Hi Adam, it’s Aneel. On the first part of the question the characteristics that drove customers decisions, they are really the same as they have been over the last few years. These are large global companies, in many cases looking to consolidate down to one single instance one employee view, one view of all employees, and on a global basis and getting the cost savings of moving to the cloud model and then the big step up in usability that they experience when moving to a cloud solution at Workday versus the legacy systems. So really more of the same than anything else.
Adam, it’s Mark. With respect to renewals again more of the same. Our fundamental belief in the business model is that once we have a customer, they will stay a customer and so the renewals activity during the quarter reflected that and the couple of accounts that we did lose came through either consolidation or some other dissolution of the business. And so it was a solid quarter on renewals with the uptick in the overall revenue.
Adam Holt – Morgan Stanley
If I could just ask a quick follow up on your distribution you’ve had a significant increase in capacity, how are the sales folks ramping that you’ve hired and where will you make your investments in sales heading into next year?
They’re ramping well, they’re ramping pretty much on plan. I think as you look forward we’re really focused on building a company for the long run. So we’re making some big investments outside of North America. And if I were to come back to your first question, and one of the things that we took away from the large customers we signed outside the U.S. is not the same value proposition that it worked with U.S. multinationals that’s is working outside the U.S. So you are seeing us put additional resources at a faster clip in Asia and in Europe, and that's really the big, big new focus for us from a sales deployment perspective.

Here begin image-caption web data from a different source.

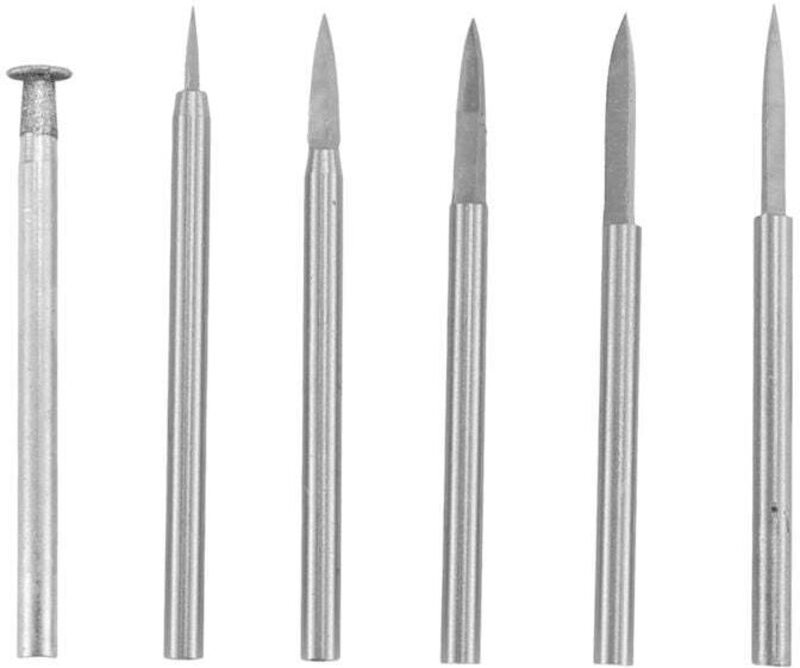 6-teiliges Set rotierender Holzschnitzbohrer für Holzbearbeitung, Gravur, Schleifen und Bastelarbeiten (3 mm)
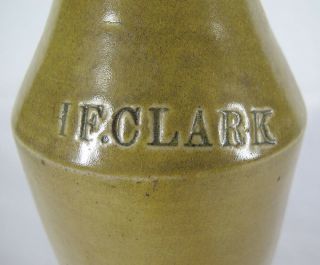 Antique C.  1850 Pre Prohibition Stoneware Beer Bottle Incised I.  F.  Clark Yqz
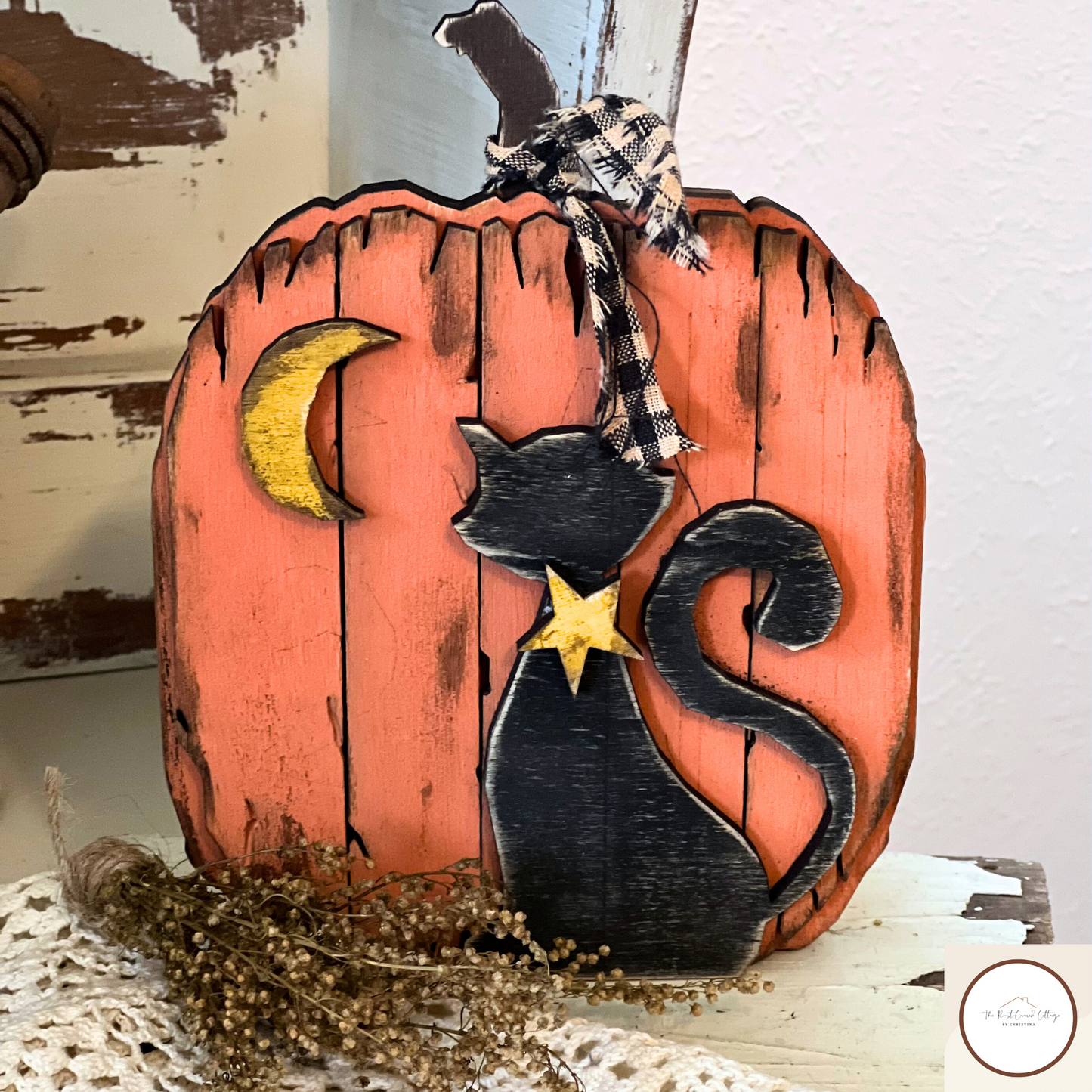 Pumpkin & Black Cat | DIY Wood Craft Kit Decor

And to echo that, I think that as you look ahead to fiscal 2014 our expectation is that overall sales productivity will be flat or tipped down a bit as a result of putting people in new geographies and the fact that we have to build out the sales notion and it just takes a little bit more time for the sales force to be productive in new geos.
Your next question comes from the line of Heather Bellini with Goldman Sachs.
Heather Bellini – Goldman Sachs
I was just wondering if you could talk a little bit about the competitive dynamic and kind of how you saw win rates this quarter and kind of who you are seeing as your primary competition and whether you’ve seen that change, kind of where you’re getting the majority of your customers from at this point or the placements from people like Oracle and SAP or are you also adding from people who are using vendors outside of those? And then I guess the follow-up question would be kind of if you're thinking about your expense management, I am trying to think about some of the modules that you’re offering, where do you see -- which module do you think you're having the biggest success with a dozen add-on at this point?
So on the first part of the question, I hate to say more of the same but it is more of the same. I don’t think anything really changed in the fourth quarter in terms of competitive dynamics. We continue to compete with the two large legacy players and continue to replace predominantly those two large legacy players. If I were to highlight one trend from last year that was the fourth quarter was particular strong. It’s our mid-market effort which really began in earnest last year. This is the segment between 1000 and 3000 employees and in some cases in that segment of the market we're competing with more mid-market solutions or replacing midmarket solutions and we had a very, very strong year in that category and that's one where we really had not put a dedicated focus on in the previous year.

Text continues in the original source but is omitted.